I feel out of sorts, even though I know he’s respecting the boundary I created and trying to give me space. I’ve grown so used to our friendly work relationship that everything feels empty now that it’s gone.

Running my fingers through my hair a few times, I rub my fingernails against my scalp, trying to ease some tension before returning to work. After a few good deep breaths, I feel ready to tackle the rest of my to-do list over the next few hours. I bury myself in my tasks, only stopping to refill my water cup or to use the bathroom.

Fifteen minutes before the end of the workday, I’m finalizing a document when I hear the intercom on my phone buzz.

“Whitney?” Theo says my name.

He has barely talked to me all day, and then he waits untilI’m almost finished to summon me? With a frustratedlook toward the ceiling, I push my chair back and walk into his office, not bothering to knock at the closed door as I push it open and saunter in. “Yes?”

Theo holds out a piece of paper in response. I narrow my eyes but cross the floor to his desk and accept the paper he’s offering me. I scan over the details and then look at him in confusion.

“What is this?”

“An itinerary. I will need you to block off those dates on the note attached. My mother is hosting a charity gala, and I’ll need to attend.”

“Okay,” I say when I accept it. “Why the itinerary, though?”

Theo hits me with his warm eyes, and my insides melt. “I was hoping you’d be able to come with me. My mother told me to bring a plus one.”

“As your assistant?”

“Of course.”

I’m glad I’m not wearing my workout watch today. If I were, I think I’d be getting an alert about an irregular heart rate right about now. “For the whole weekend?” Theo nods slowly as he watches me, gauging my reaction. I swallow thickly and then glance down at the dates. “I should be able to make these work.”

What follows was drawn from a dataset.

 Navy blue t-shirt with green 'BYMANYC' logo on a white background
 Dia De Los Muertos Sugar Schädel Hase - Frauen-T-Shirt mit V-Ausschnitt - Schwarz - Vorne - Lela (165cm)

It’s a Friday through Sunday trip, which would be a quick turnaround for the following week. I have no idea what kind of charity gala this is or what to expect. I’ve never been to anything fancier than a wedding at the botanical garden. Mr. Peterson always attended his work events alone, and I never received an invite.

“Excellent,” Theo says, then picks up his phone before typing a message. I stand there and wait, still confused about the whole thing.

“Theo?”

“Hmm?” he murmurs, still looking at his phone.

My heart feels like it’s in my throat when I say, “I was thinking we could talk…about the thing you emailed about.”

Theo pauses and then slowly sets his phone down on the desk. “Okay.” He takes a deep breath and then presses his lips into a line thoughtfully before saying, “I want to apologize.”

“For what?” I ask, my voice coming out a little breathy.

“For—” He hesitates and narrows his eyes as he thinks about it, darting his gaze to his office door, which I stupidly left open, before landing back on me. I don’t imagine anyone will walk in, but we’re not the only people on this floor. “Everything, I suppose.”

I blink at him. “What if I don’t want you to be sorry?”

Theo tilts his chin up and looks at me curiously. “What does that mean?”

I shrug up one shoulder but then shake my head. “I don’t know.”

“Whitney.” He draws out my name so that it sounds much sexier than it should. “I need you to be honest with me. Tell me exactly what’s going through your head right now.”

I stay silent for another minute, processing what I want to say to him. Finally, I settle on, “I missed talking with you today. I don’t like it when your door is closed.”

Theo dips his chin. “Okay, noted.”

“And I don’t want you to email me on the weekends because then you seem to consume my every waking thought, and I just work myself up overthinking everything until I get to see you on Monday,” I blurt out, though I keep my voice soft so I know only he can hear me. It’s been weighing on me all day, and I might as well put it out there. “Because I think I feel the same way you do, even though I don’t know what that is.”